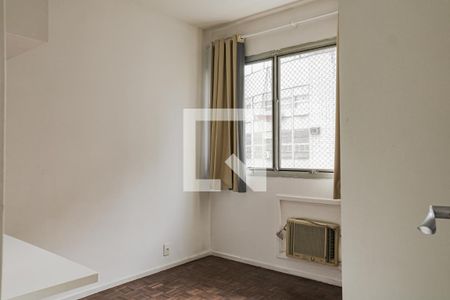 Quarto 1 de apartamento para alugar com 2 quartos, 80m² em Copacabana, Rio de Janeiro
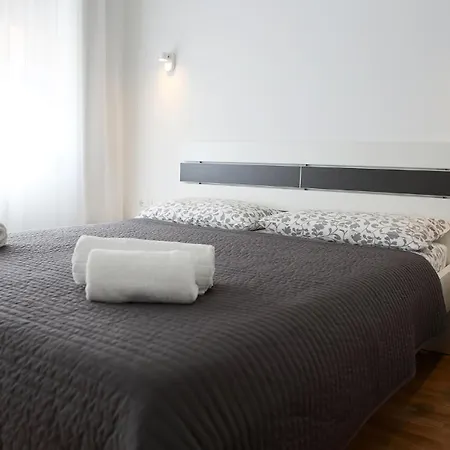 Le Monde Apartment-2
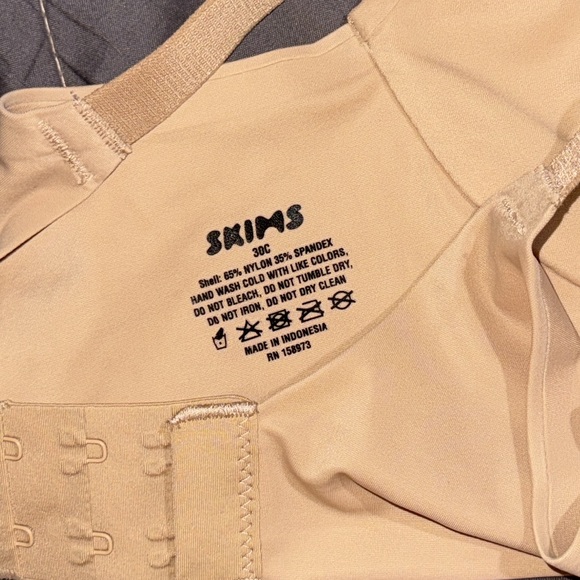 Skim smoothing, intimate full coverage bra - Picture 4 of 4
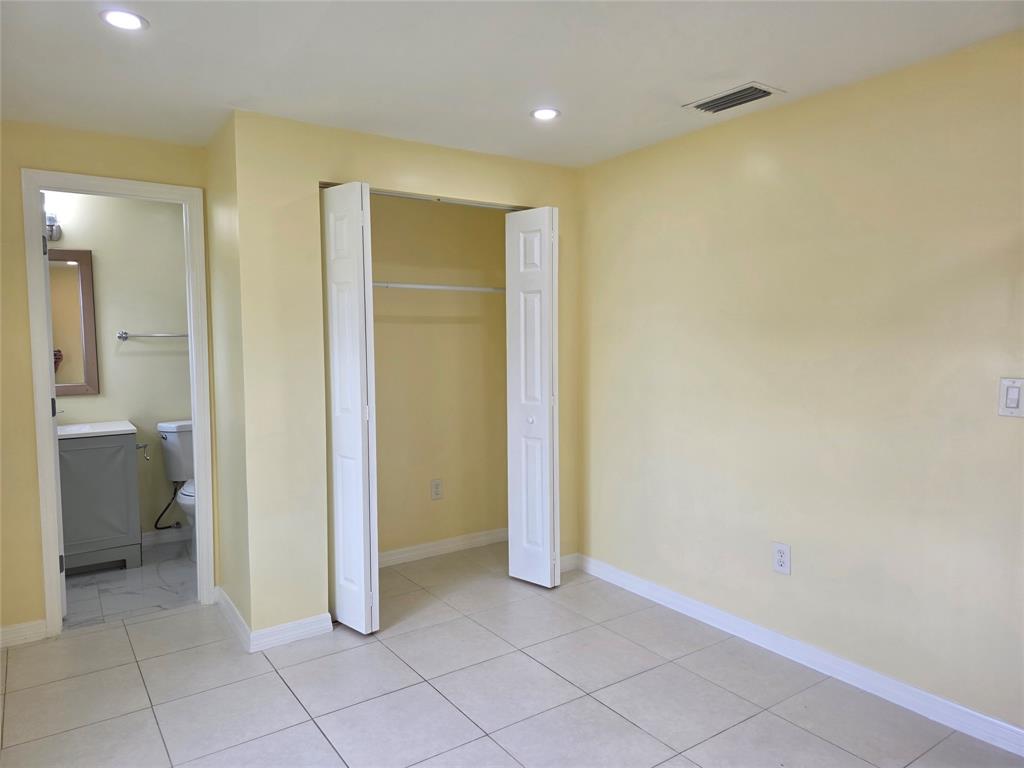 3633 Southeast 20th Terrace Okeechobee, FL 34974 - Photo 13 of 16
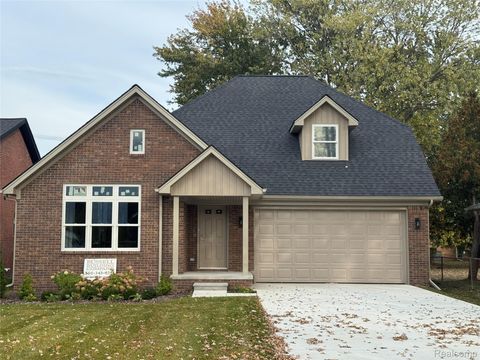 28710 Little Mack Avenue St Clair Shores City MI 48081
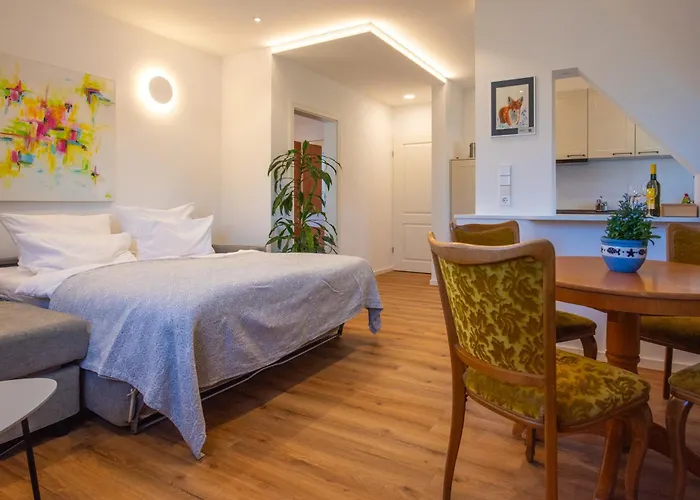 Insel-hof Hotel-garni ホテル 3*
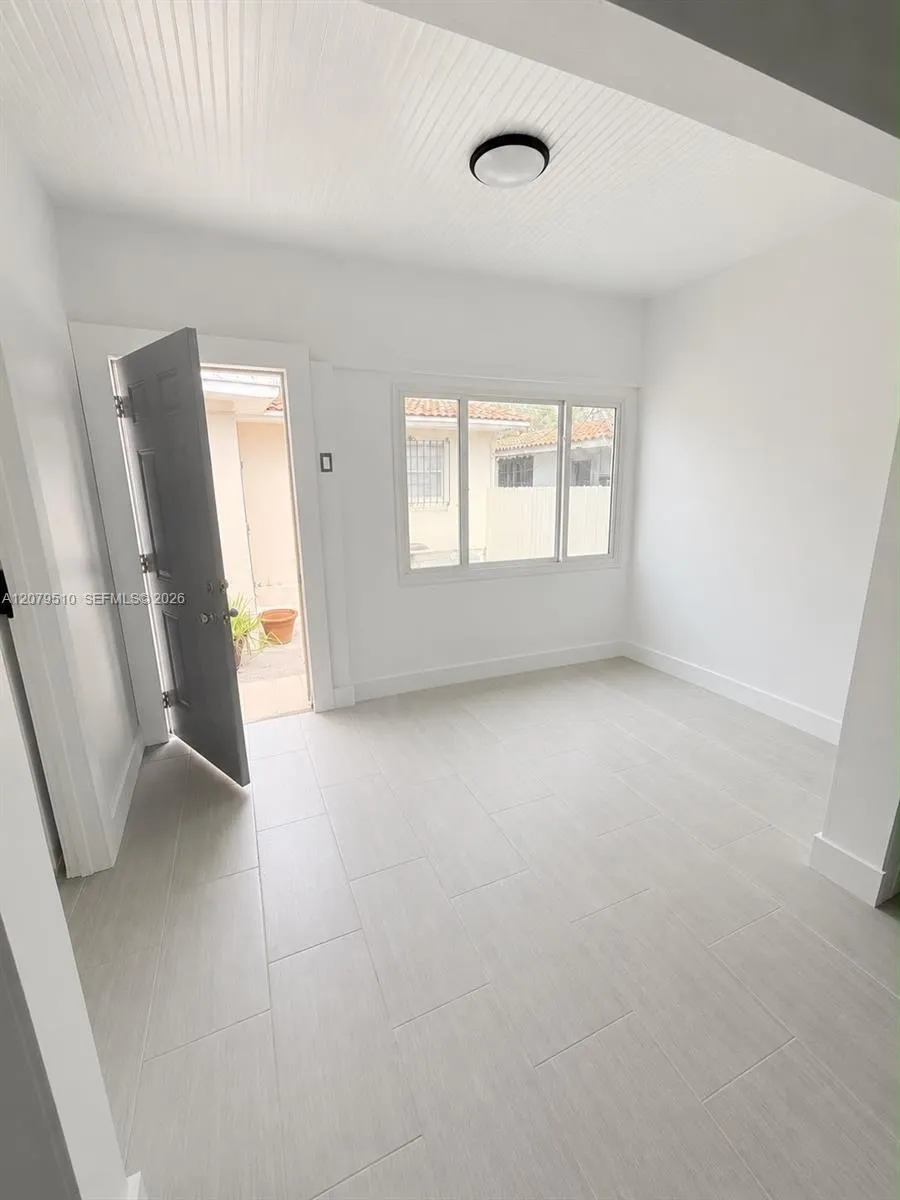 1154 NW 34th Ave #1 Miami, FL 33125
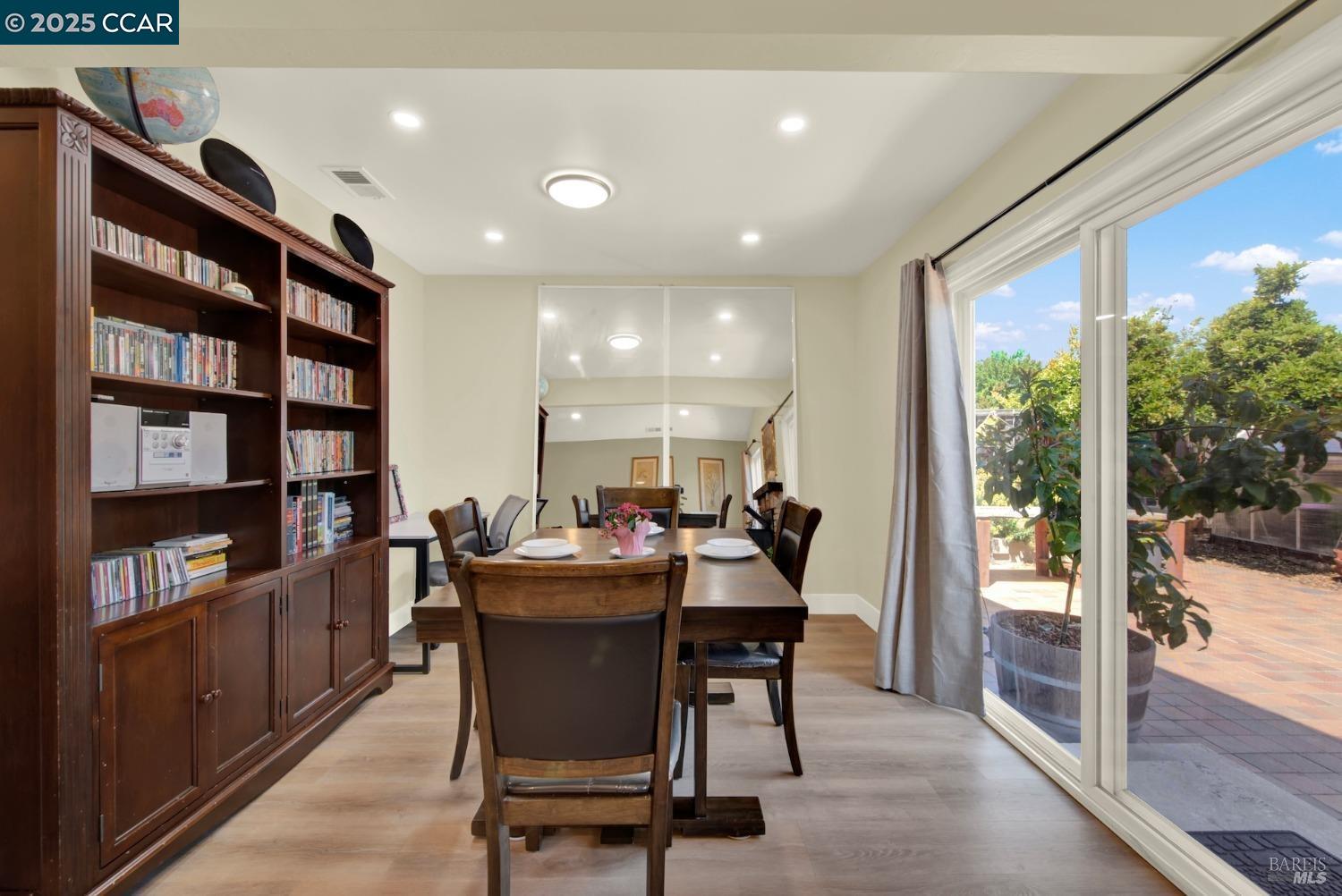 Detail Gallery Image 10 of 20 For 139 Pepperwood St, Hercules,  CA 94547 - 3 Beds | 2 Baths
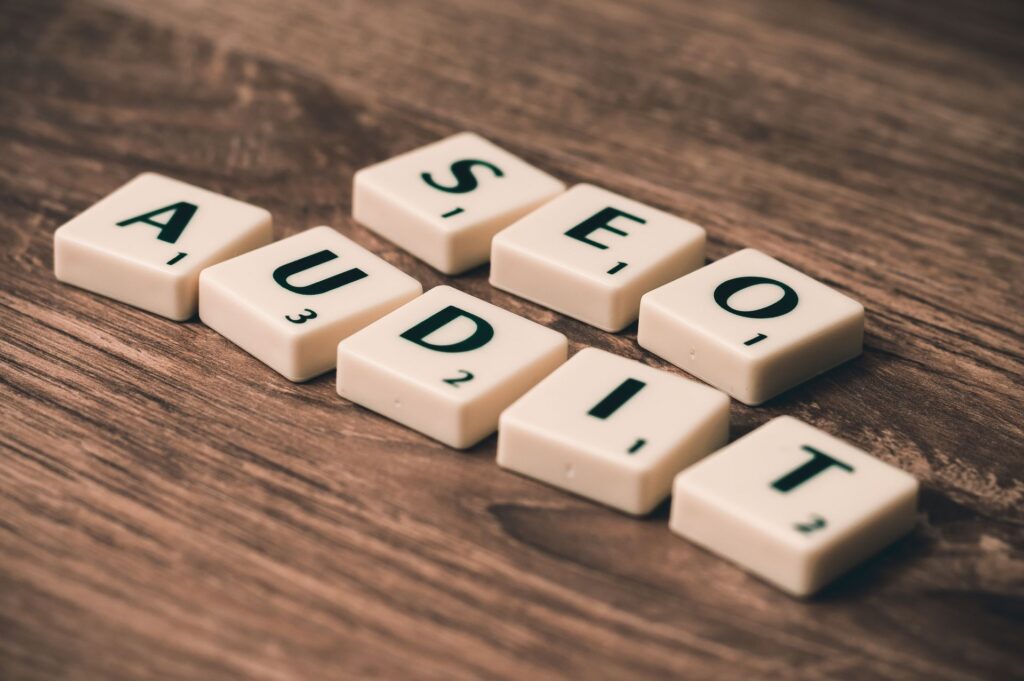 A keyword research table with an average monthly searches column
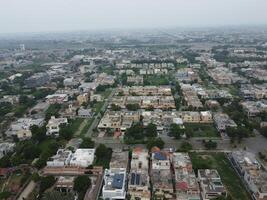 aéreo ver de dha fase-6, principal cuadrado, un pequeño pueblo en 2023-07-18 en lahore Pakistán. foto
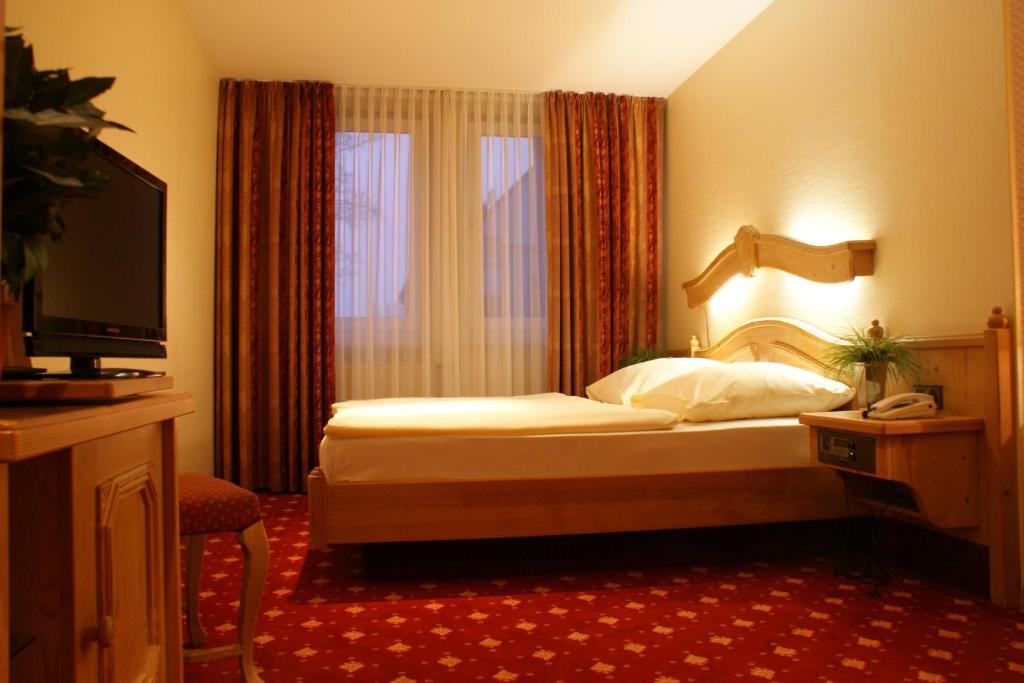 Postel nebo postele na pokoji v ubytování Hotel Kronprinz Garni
========
Your goal =
Although the records contain pictures, the copy should consist of their text alone, reproduced exactly.

Reply =
 Quarto 1 de apartamento para alugar com 2 quartos, 80m² em Copacabana, Rio de Janeiro
 Le Monde Apartment-2
 Skim smoothing, intimate full coverage bra - Picture 4 of 4
 3633 Southeast 20th Terrace Okeechobee, FL 34974 - Photo 13 of 16
 28710 Little Mack Avenue St Clair Shores City MI 48081
 Insel-hof Hotel-garni ホテル 3*
 1154 NW 34th Ave #1 Miami, FL 33125
 Detail Gallery Image 10 of 20 For 139 Pepperwood St, Hercules,  CA 94547 - 3 Beds | 2 Baths
 A keyword research table with an average monthly searches column
 aéreo ver de dha fase-6, principal cuadrado, un pequeño pueblo en 2023-07-18 en lahore Pakistán. foto
 Postel nebo postele na pokoji v ubytování Hotel Kronprinz Garni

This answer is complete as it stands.